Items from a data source
%%
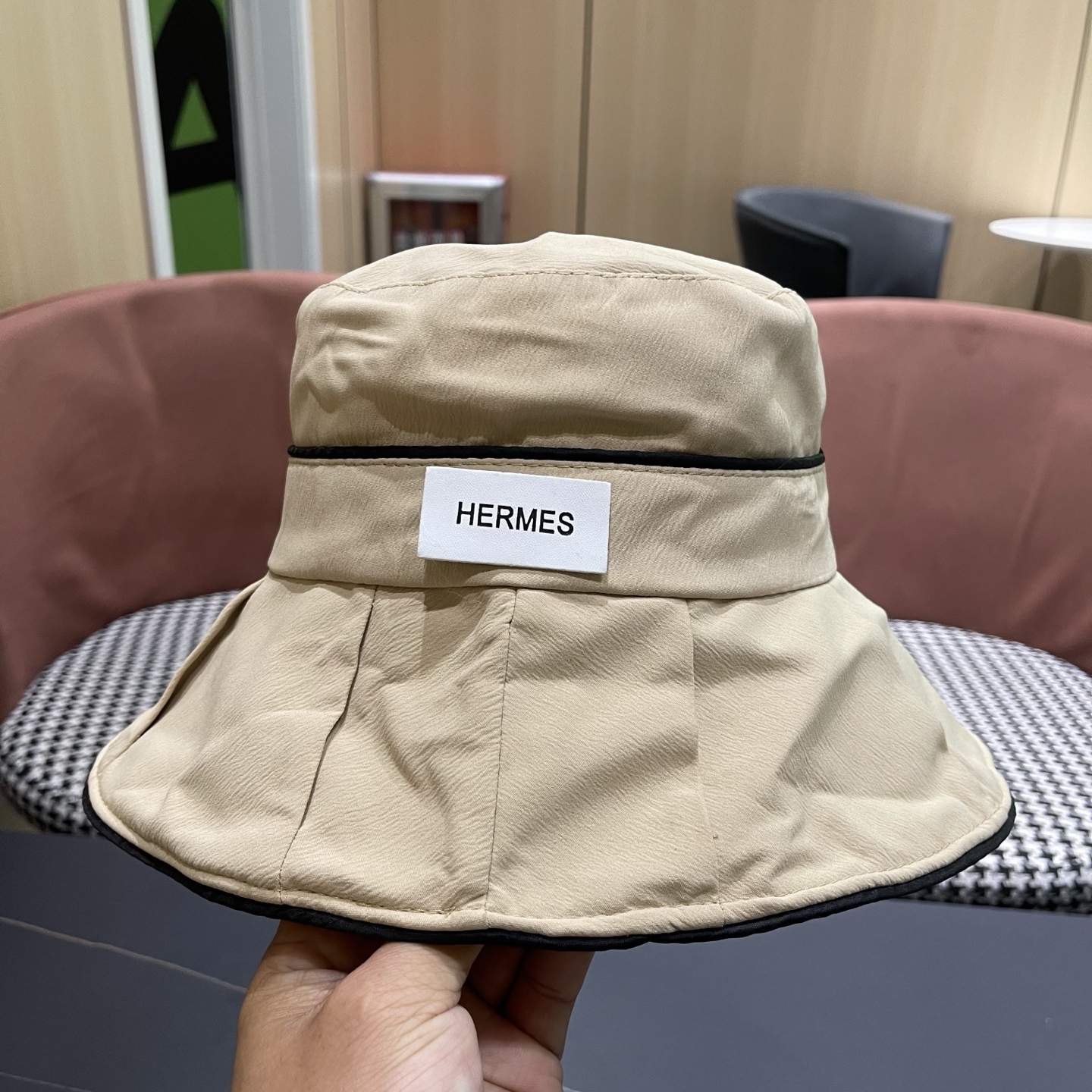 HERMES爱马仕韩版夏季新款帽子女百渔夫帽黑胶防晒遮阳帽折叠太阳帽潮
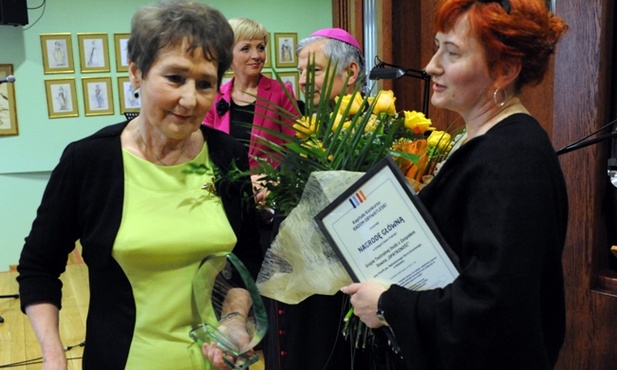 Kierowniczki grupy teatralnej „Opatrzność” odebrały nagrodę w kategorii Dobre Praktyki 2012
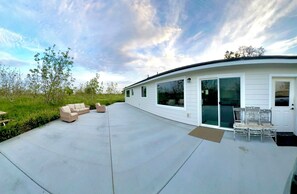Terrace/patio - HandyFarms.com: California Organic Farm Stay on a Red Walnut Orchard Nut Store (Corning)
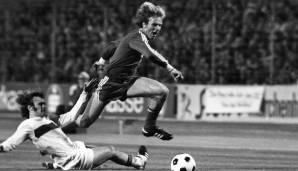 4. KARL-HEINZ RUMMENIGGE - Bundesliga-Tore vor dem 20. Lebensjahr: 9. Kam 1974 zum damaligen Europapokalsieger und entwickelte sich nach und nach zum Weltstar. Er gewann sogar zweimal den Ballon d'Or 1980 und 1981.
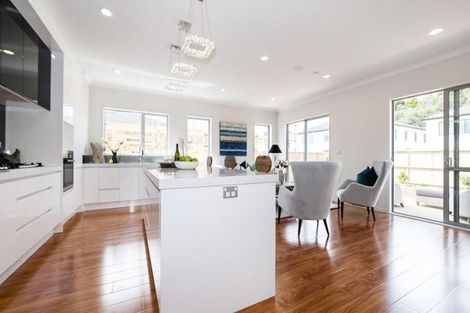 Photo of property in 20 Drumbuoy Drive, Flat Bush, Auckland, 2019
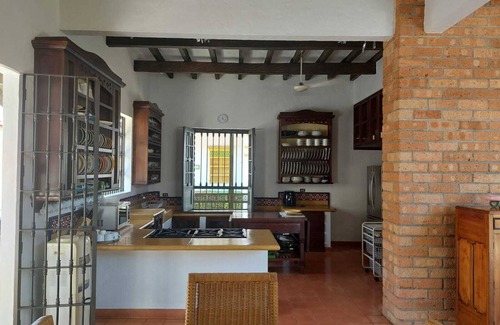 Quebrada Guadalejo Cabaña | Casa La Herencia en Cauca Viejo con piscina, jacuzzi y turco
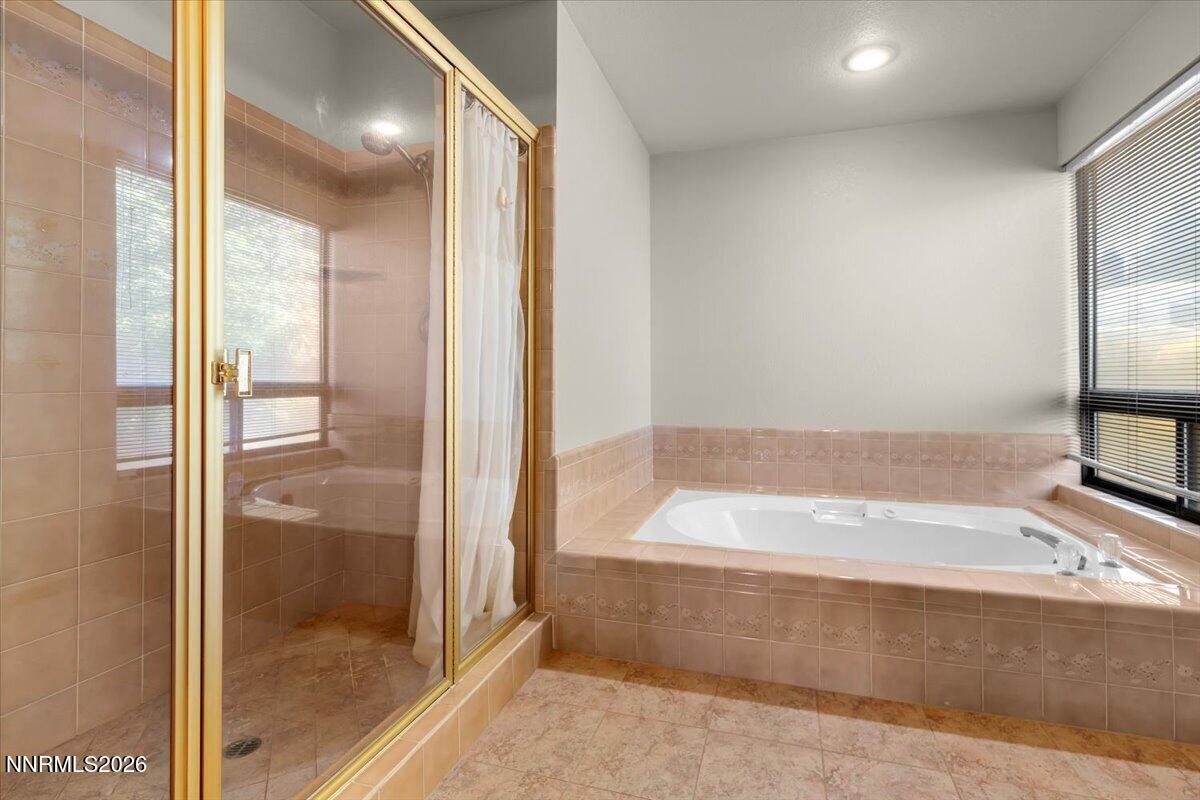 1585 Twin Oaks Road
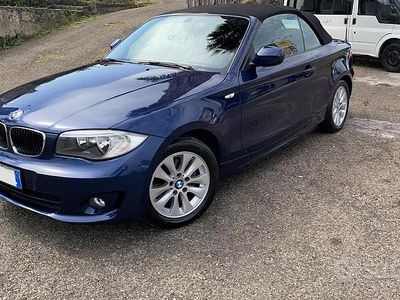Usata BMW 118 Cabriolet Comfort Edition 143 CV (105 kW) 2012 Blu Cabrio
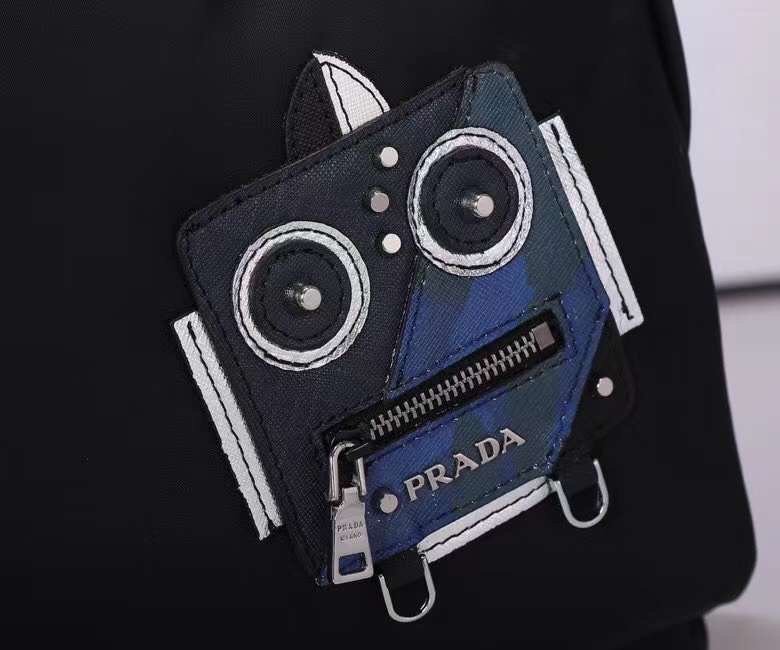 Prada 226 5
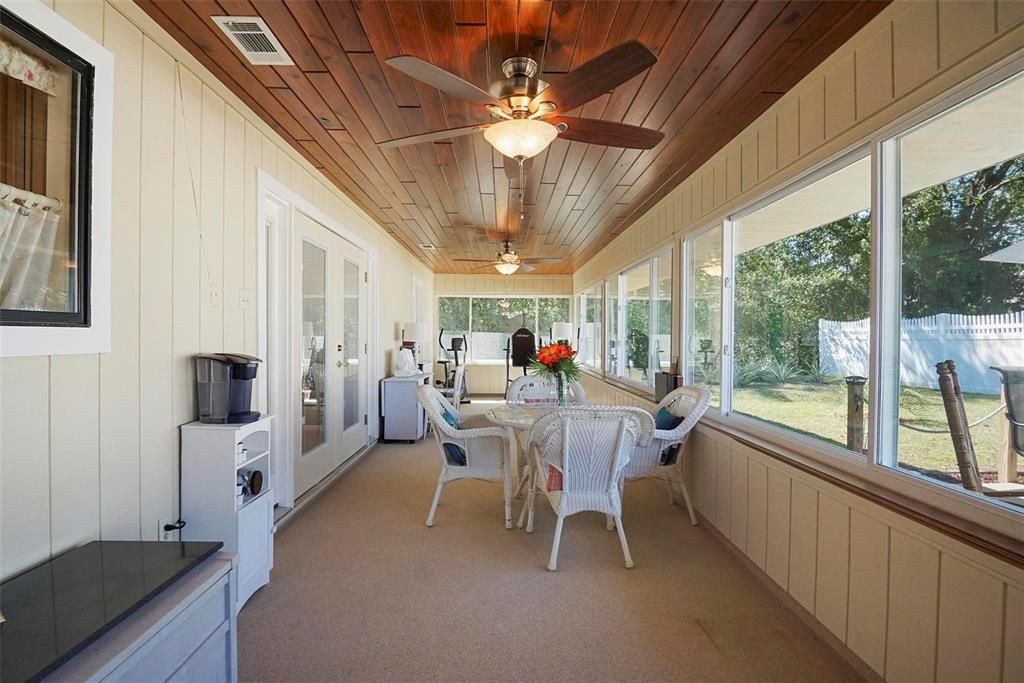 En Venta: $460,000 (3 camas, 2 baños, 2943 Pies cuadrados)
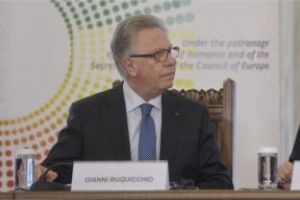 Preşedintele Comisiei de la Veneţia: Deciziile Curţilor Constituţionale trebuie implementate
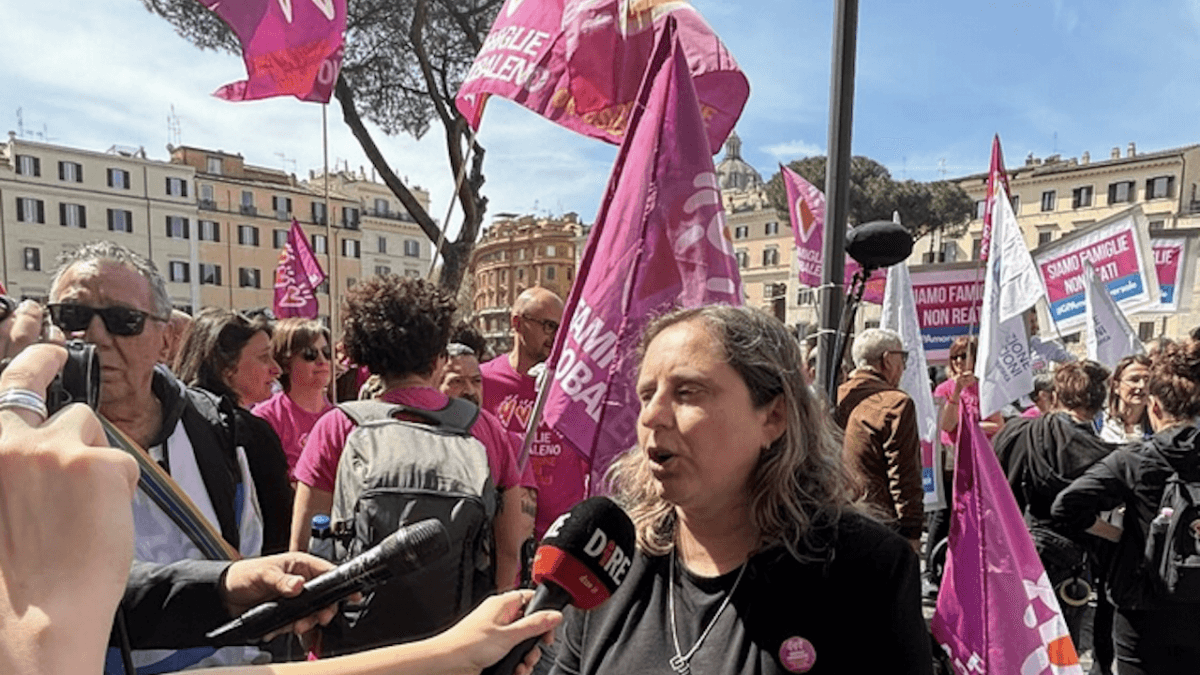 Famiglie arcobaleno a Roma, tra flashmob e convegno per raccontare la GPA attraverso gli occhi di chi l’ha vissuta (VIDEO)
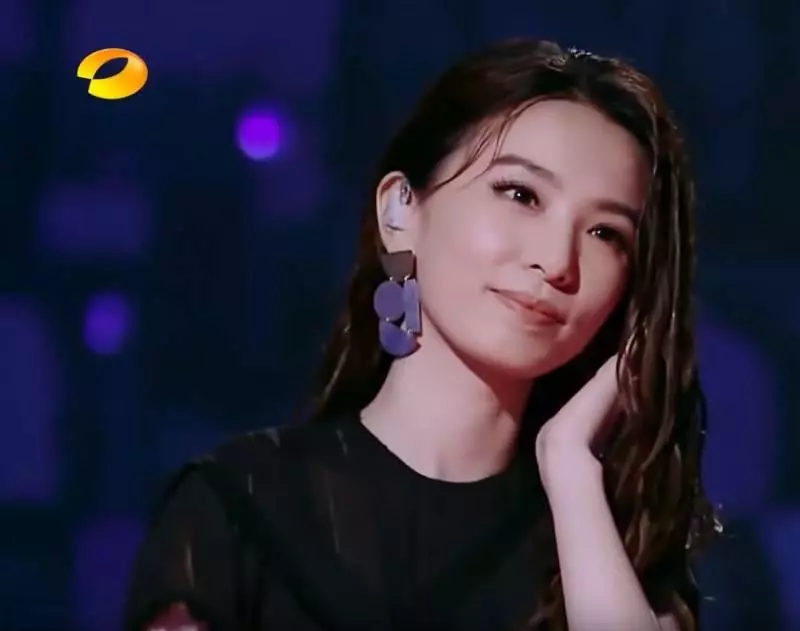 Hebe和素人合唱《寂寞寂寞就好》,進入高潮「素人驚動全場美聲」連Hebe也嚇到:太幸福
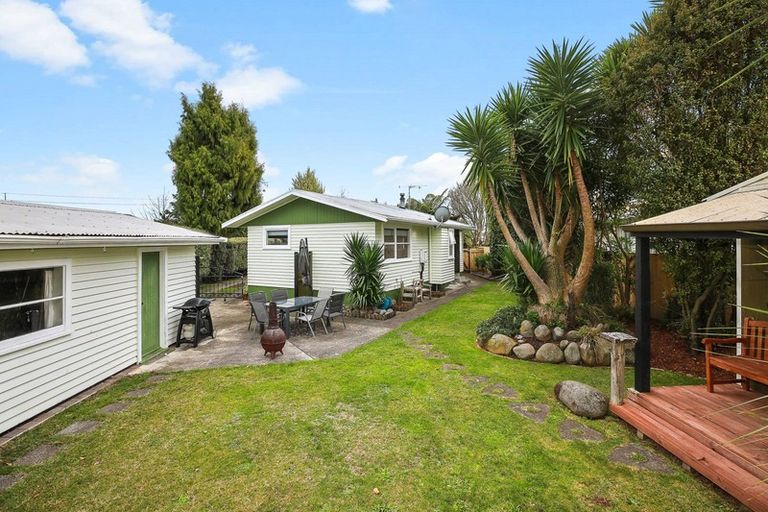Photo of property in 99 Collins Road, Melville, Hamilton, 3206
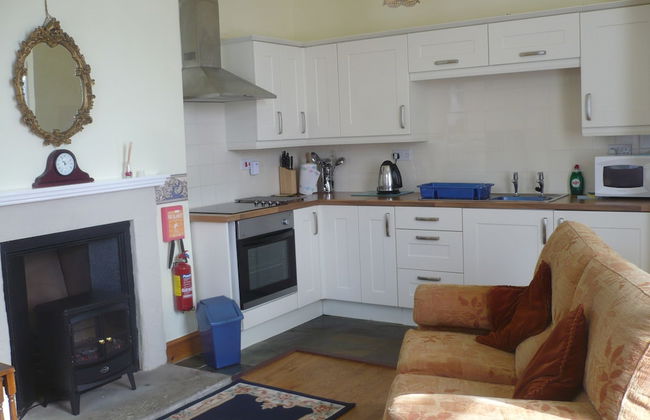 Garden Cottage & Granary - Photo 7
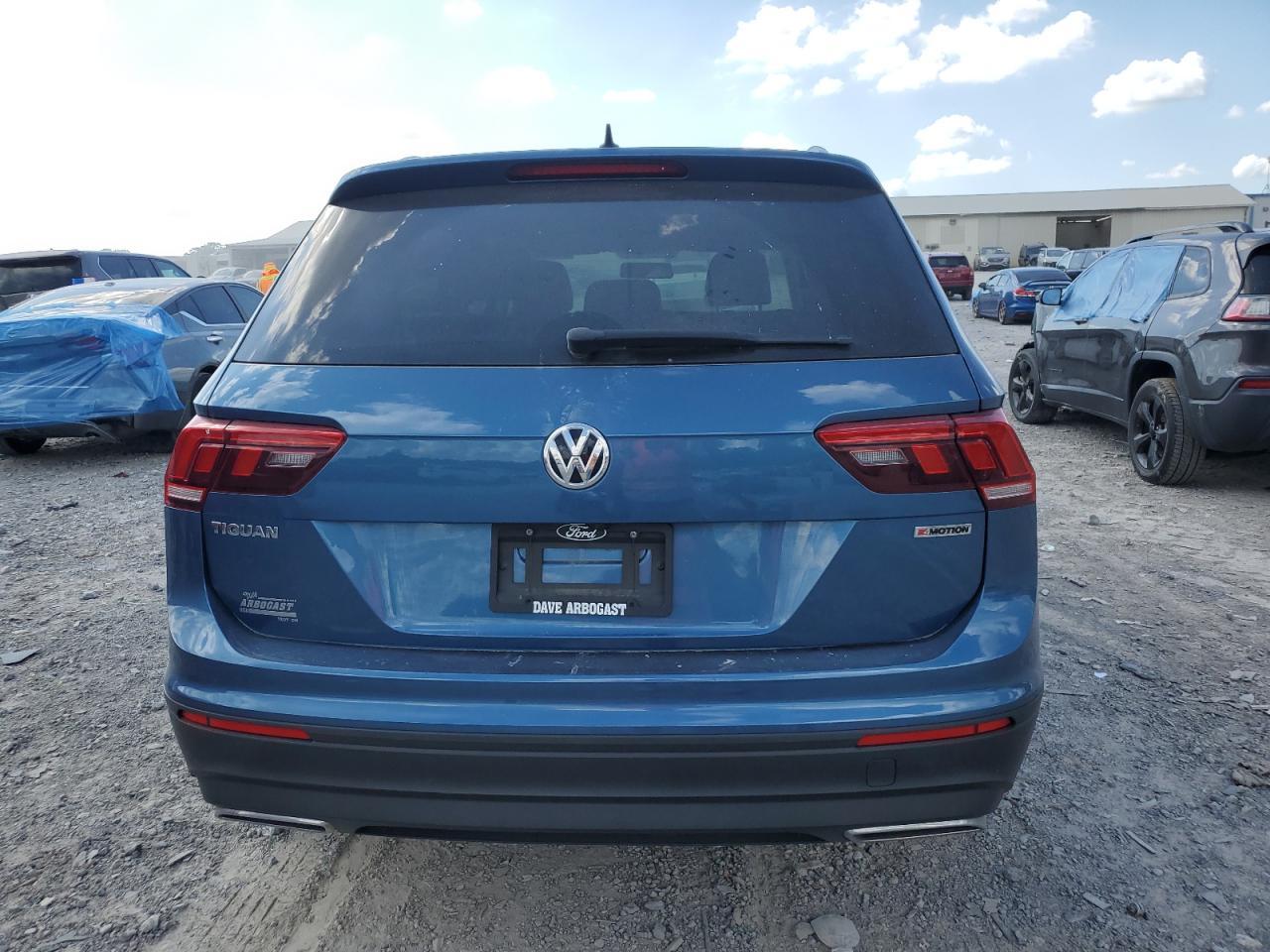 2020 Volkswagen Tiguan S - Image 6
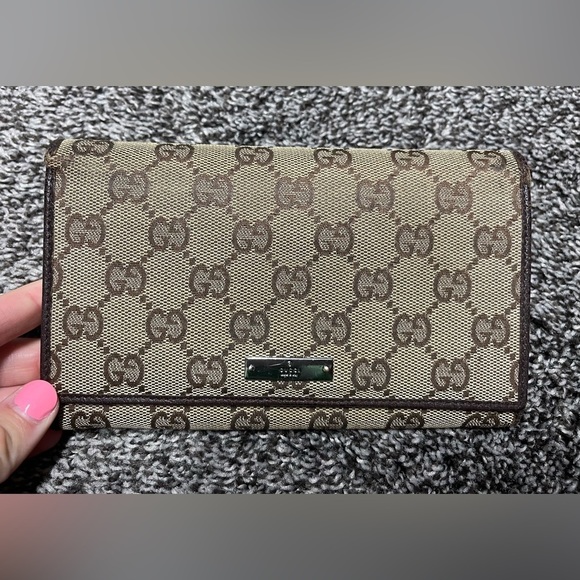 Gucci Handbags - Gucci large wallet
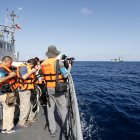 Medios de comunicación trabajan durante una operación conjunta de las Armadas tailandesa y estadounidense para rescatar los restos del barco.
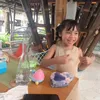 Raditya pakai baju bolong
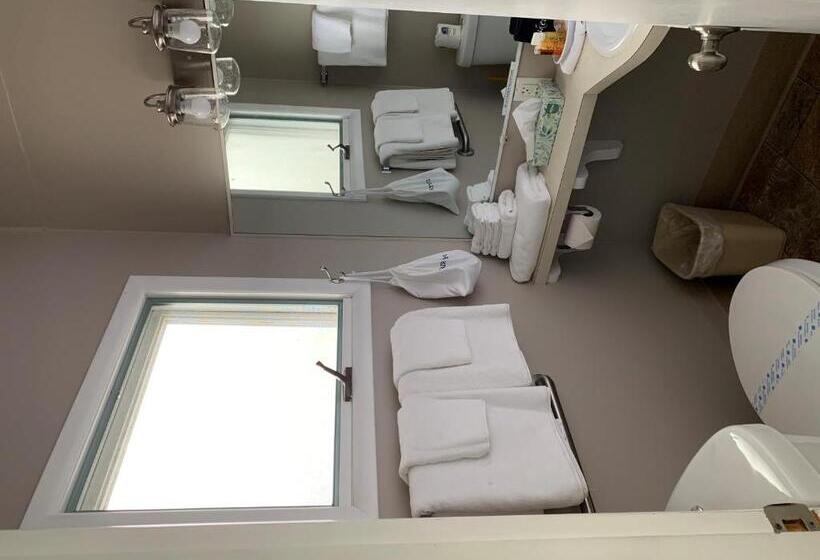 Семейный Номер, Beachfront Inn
%%
* **Aim of the exercise**
Each line from the start of the entries to the line holding "En Venta: $460,000" is to be given again exactly, both ends included, and each picture is to be left out.

* **Response to the exercise**
 HERMES爱马仕韩版夏季新款帽子女百渔夫帽黑胶防晒遮阳帽折叠太阳帽潮
 Kierowniczki grupy teatralnej „Opatrzność” odebrały nagrodę w kategorii Dobre Praktyki 2012
Terrace/patio - HandyFarms.com: California Organic Farm Stay on a Red Walnut Orchard Nut Store (Corning)
 4. KARL-HEINZ RUMMENIGGE - Bundesliga-Tore vor dem 20. Lebensjahr: 9. Kam 1974 zum damaligen Europapokalsieger und entwickelte sich nach und nach zum Weltstar. Er gewann sogar zweimal den Ballon d'Or 1980 und 1981.
 Photo of property in 20 Drumbuoy Drive, Flat Bush, Auckland, 2019
 Quebrada Guadalejo Cabaña | Casa La Herencia en Cauca Viejo con piscina, jacuzzi y turco
 1585 Twin Oaks Road
Usata BMW 118 Cabriolet Comfort Edition 143 CV (105 kW) 2012 Blu Cabrio
 Prada 226 5
 En Venta: $460,000 (3 camas, 2 baños, 2943 Pies cuadrados)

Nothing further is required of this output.